Pursuing a 2°C pathway
Many uncertainties exist concerning the future of energy demand and supply, including potential actions that societies may take to address the risks of climate change.
Pursuing a 2°C pathway
Since 1992, when nations around the world established the United Nations Framework Convention on Climate Change (UNFCCC), there has been an international effort to assess the risks of climate change.
After more than two decades of international effort, in December 2015, nations convened in Paris and drafted an agreement that for the first time signaled that both developed and developing nations will strive to undertake action on climate change and report on related progress.
The Paris Agreement1 “aims to strengthen the global response to the threat of climate change … by: Holding the increase in the global average temperature to well below 2°C above pre-industrial levels...”
Key elements of the agreement include:
- “Each party shall prepare, communicate and maintain successive nationally determined contributions that it intends to achieve.”
- “Each party shall communicate nationally determined contributions every five years.”
The nationally determined contributions (NDCs) provide important signals on government expectations related to the general direction and pace of likely policy initiatives to address climate change risks.4 In this regard, the United Nations Environment Programme (UNEP) reported in November 2018 that, “Pathways reflecting current NDCs imply global warming of about 3°C by 2100, with warming continuing afterwards.” Additionally, the report states, “The majority [of G20 countries] are not yet on a path that will lead them to fulfilling their NDCs for 2030.”2 In other words, the current NDCs are insufficient to meet the aim of the Paris Agreement, and moreover, not all countries are yet on track with their current policies to meet their NDCs for 2030.
The Climate Challenge
Considering 2ºC scenarios
Exploring potential pathways to a 2oC world
According to the IEA, a “well below” 2°C pathway implies “comprehensive, systematic, immediate and ubiquitous implementation of strict energy and material efficiency measures.”5 Given a wide range of uncertainties, no single pathway can be reasonably predicted. A key unknown relates to advances in technology that may influence the cost and potential availability of certain pathways toward a 2°C scenario. Scenarios that employ a full complement of technology options are likely to provide the most economically efficient pathways.

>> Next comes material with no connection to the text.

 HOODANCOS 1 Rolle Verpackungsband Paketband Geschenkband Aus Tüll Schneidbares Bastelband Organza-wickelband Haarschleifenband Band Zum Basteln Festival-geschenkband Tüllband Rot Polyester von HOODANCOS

Considerable work has been done in the scientific community to explore potential energy pathways. A comprehensive multi-model study coordinated by the Energy Modeling Forum 27 (EMF27) at Stanford University3 brought together many energy-economic models to assess possible technology and policy pathways associated with various climate stabilization targets (e.g., 450, 550 ppm CO2 equivalent or CO2e), partially in support of the Fifth Assessment Report of the Intergovernmental Panel on Climate Change (IPCC).
Emission and energy profiles for assessed 2°C scenarios
The chart (right) illustrates potential global CO2 emission trajectories under EMF27 full technology scenarios6 targeting a 2°C pathway (assessed 2°C scenarios) relative to the 2019 Outlook, and relative to the EMF27 baseline pathways with essentially no policy evolution beyond those that existed in 2010.
The chart (lower right) illustrates potential global energy demand in 2040 under the assessed 2°C scenarios. The scenarios suggest that predicting absolute 2040 energy demand levels in total and by energy type carries some uncertainty, with particular scenarios likely heavily influenced by technology and policy assumptions. Differences in these scenarios help put in perspective the uncertainty in the pace and breadth of changes in the global energy landscape.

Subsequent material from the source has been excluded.